Italy PM promises to help clubs renew stadiums

Italian Prime Minister Enrico Letta has promised that he will appeal to the country’s parliament next year to allow Italian football clubs to improve their stadiums.

In what has been a long-standing issue in Italy, the latest promise suggests that there will be genuine assistance provided to clubs who have been restricted in their ability to build their own stadia.

Juventus are currently the only club to privately own their own stadium, with Udinese are set to follow suit by renovating the Stadio Friuli.

Meanwhile, Lazio, Roma,  Milan,  Milan and Sampdoria are just five clubs who have expressed their desire to build new grounds. However, their efforts thus far have been thwarted due to the confrontation with local councils who own the stadia, who have been unwilling to fund improvements.

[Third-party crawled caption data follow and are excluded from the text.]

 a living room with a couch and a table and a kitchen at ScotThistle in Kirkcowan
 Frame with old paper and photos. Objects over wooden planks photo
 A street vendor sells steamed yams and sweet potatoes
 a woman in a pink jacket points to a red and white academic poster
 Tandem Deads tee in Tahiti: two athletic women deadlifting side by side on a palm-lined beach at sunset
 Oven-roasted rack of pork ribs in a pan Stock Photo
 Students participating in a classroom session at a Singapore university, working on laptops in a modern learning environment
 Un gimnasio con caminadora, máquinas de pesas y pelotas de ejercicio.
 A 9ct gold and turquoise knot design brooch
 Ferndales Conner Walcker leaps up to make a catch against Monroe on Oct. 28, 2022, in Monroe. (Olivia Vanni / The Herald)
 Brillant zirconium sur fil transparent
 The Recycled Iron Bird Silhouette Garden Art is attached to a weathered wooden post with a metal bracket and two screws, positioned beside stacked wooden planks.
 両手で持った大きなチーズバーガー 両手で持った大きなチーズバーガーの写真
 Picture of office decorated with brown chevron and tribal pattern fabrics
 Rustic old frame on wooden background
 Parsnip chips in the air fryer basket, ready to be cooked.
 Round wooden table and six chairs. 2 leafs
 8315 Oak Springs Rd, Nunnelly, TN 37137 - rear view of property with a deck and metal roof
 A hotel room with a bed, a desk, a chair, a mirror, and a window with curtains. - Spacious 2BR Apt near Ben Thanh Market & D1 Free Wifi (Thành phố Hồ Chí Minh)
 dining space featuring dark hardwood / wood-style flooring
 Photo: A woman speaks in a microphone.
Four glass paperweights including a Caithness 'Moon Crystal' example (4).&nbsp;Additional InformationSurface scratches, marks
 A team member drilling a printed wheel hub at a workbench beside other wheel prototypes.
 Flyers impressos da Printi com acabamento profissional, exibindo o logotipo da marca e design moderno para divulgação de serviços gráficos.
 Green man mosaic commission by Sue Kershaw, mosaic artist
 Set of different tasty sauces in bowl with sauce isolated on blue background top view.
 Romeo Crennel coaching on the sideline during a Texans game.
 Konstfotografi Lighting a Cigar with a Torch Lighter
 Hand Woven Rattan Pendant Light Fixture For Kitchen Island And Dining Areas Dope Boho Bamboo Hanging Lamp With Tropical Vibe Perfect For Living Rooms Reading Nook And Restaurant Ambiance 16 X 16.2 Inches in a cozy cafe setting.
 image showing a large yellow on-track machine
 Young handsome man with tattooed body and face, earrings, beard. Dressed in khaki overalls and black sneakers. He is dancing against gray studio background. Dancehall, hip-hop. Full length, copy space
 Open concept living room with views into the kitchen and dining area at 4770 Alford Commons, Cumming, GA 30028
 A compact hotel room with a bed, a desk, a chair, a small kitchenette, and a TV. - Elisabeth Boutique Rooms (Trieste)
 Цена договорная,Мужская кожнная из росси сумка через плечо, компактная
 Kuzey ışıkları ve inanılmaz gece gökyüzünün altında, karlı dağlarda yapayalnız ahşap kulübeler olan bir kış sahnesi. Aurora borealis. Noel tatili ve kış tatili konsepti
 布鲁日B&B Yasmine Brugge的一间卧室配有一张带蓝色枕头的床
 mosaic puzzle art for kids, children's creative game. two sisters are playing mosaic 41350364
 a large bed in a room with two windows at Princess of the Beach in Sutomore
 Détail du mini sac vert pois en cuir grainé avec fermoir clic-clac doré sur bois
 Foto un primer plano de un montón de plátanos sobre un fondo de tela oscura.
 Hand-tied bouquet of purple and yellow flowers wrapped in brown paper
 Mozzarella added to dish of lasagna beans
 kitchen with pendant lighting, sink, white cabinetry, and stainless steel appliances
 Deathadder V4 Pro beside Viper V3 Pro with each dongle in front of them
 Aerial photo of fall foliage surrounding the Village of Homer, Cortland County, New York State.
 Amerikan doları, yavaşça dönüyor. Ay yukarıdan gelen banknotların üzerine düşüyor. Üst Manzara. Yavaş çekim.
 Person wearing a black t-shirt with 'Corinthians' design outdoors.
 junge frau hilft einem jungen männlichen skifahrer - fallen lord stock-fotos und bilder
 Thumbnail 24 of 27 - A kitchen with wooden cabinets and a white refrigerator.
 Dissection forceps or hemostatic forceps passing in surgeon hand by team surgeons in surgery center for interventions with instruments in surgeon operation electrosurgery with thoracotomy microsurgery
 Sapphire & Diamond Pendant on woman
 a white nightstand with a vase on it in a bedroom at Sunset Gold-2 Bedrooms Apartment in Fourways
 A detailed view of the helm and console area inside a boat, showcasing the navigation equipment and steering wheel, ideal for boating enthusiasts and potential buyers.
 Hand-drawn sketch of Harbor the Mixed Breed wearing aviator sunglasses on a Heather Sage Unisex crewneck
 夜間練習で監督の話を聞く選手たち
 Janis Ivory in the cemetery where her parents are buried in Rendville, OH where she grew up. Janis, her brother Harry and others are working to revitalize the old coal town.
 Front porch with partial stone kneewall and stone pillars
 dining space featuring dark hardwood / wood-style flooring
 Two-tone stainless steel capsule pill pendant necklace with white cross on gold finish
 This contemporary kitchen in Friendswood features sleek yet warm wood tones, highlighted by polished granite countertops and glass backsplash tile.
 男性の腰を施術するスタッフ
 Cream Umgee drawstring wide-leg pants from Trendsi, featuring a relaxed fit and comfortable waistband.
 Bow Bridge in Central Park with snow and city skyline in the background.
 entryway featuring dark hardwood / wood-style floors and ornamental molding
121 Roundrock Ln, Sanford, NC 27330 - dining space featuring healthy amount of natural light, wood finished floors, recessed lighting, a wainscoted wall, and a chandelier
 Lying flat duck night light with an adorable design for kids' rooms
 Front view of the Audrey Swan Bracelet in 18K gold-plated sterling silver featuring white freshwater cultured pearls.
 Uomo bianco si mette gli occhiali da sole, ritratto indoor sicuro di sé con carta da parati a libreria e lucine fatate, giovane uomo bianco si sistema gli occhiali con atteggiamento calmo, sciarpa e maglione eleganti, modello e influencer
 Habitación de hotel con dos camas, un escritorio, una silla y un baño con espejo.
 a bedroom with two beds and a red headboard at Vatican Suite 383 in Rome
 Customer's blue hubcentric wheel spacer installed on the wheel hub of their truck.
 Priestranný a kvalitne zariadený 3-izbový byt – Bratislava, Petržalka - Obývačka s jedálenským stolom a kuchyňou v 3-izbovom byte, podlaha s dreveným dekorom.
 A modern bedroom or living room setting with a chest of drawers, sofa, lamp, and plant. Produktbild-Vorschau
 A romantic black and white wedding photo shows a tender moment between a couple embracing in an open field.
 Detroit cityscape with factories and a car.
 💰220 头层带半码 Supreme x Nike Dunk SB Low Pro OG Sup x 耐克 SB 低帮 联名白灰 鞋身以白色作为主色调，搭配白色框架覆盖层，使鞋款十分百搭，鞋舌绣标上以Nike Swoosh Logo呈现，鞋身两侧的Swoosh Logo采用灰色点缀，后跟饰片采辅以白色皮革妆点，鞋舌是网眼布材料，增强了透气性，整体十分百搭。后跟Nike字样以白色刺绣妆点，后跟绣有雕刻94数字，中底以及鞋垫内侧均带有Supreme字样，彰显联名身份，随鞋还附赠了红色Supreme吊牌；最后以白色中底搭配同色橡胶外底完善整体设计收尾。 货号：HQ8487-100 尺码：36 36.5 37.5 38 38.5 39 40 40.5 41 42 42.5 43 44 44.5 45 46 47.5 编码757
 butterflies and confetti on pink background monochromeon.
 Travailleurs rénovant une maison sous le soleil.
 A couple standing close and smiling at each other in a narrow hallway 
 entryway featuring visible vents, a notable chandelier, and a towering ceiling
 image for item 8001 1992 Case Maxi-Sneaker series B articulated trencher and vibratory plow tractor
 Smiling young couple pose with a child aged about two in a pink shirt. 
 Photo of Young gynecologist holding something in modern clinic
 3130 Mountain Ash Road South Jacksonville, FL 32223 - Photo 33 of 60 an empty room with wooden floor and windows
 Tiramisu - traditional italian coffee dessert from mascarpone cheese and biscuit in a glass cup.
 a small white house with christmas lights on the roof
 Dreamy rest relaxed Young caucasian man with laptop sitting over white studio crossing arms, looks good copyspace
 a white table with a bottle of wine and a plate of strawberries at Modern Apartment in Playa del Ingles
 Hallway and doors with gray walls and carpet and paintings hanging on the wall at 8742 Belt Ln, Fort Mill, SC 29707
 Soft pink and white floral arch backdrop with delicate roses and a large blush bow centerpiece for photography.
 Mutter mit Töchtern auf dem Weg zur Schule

“I want to have the final word on a long-standing stadium problem,” Letta is quoted as saying by La Gazzetta dello Sport.

“There will be an amendment drawn up in the stability plan which will define this issue once and for all, and I will be inviting the parliament to approve it.

“This is the appeal I will be making to parliament: from Jan. 1, we need new laws for more modern stadia without any barriers.”

Clubs have long complained that the state of the stadia is fostering hooliganism, deterring families from attending football matches and in terms of revenue, making Italian clubs fall behind their European counterparts.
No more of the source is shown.